High-Level Structure

The framework consists of mainly three pieces: DataFlowSolver, DataFlowAnalysis, and AnalysisState. An analysis state represents information computed by an analysis about a program point; for example, the constant value of an op result. The class ProgramPoint represents “things in the IR” such as operations, SSA values, and blocks, but also less concrete things such as “the state of memory locations after the execution of an operation”.

Dataflow analyses subclass DataFlowAnalysis and have a broad mandate in what they can do, but typically they are responsible for setting up dependencies between analysis states and implementing transfer functions between them. Finally, DataFlowSolver does the memory and dependency management of the analyses and runs the fixed-point iteration. The point is that multiple dataflow analyses can run at the same time (and interact with each other) in the same solver instance.

You can read more details about the design in this doc update, but the overall surface looks something like:

struct MyAnalysisState : public AnalysisState {
  /// Some information about the IR.
  int state;
};

struct MyAnalysis : public DataFlowAnalysis {
  LogicalResult initialize(Operation *topLevelOp) override {
    // Set up dependency graph.
  }
  LogicalResult visit(ProgramPoint point) override {
    auto *op = point.get<Operation *>();
    // Transfer function from operands to results.
  }
};

void MyPass::runOnOperation() {
  DataFlowSolver solver;
  solver.load<MyAnalysis>();
  solver.load<MyOtherAnalysis>();
  if (failed(solver.initializeAndRun(getOperation())))
    return signalPassFailure();
  // Query and use results
}

Extending and Composing Analyses

Building analyses from scratch is a lot of code. That’s why the framework ships with utilities for implementing common analysis kinds. For example, SparseDataFlowAnalysis is, on the surface, almost the same as ForwardDataFlowAnalysis, so existing analyses should be easy to port over. DenseDataFlowAnalysis implements the structure of a dense analysis across the IR. It can be used to write, for example, analysis that need to understand memory or other side effects.

The goal of extensibility and composability in this regard is that users don’t have to reimplement or modify out-of-tree these utilities if their dialects/IRs don’t fit the mold perfectly. E.g. their region control-flow constructs differ from RegionBranchOpInterface. Users can extend the framework (including defining new program point kinds) to write their own analyses that compose organically with existing ones.

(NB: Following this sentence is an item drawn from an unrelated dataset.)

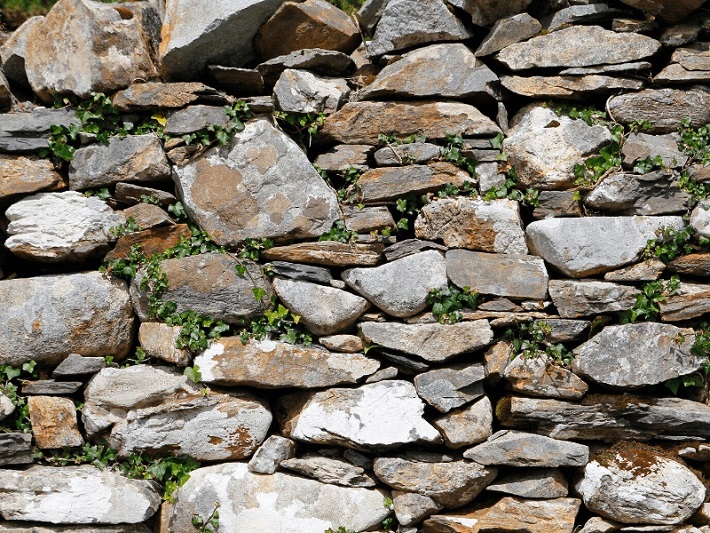 Rock retaining wall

A common example is using SCCP as a baseline for writing other kinds of conditional analyses:

LogicalResult MyConditionalAnalysis::visit(ProgramPoint point) {
  auto *block = point.get<Block *>();
  if (!getOrCreate<Executable>(block)->isLive()) {
    // Unreachable code. Ignore this block.
    return success();
  }
  // Do some analysis.
}

void MyPass::runOnOperation() {
  DataFlowSolver solver;
  // These two together make SCCP.
  solver.load<DeadCodeAnalysis>();
  solver.load<SparseConstantPropagation>();
  // Load our conditional analysis.
  solver.load<MyConditionalAnalysis>();
}

Another example is running the recently developed integer value range analysis (by @krzysz00) in tandem with SCCP. There is ongoing work on implementing taint analysis in MLIR using a pair of sparse and dense analyses, for example.

Performance

I compared the implementation of SCCP with this framework with the existing SCCP implementation, since this is an important baseline to meet.

On large programs with very little constant folding (<1% of operations fold; infrequent dependency updates and fewer overall iterations), the new framework performs significantly better (~16s vs. forever in one example and ~5s vs. ~24s in another).
On large programs with a lot of constant folding (~92% of operations fold; very frequent dependency updates), the new framework is almost as good as the old one, coming within 5% (~4.2s vs ~4s). This is despite the old SCCP implementation being monolithic and the new one being two separate analyses working in tandem. More optimizations can be made, but I grabbed the low-hanging fruit to reach performance parity first.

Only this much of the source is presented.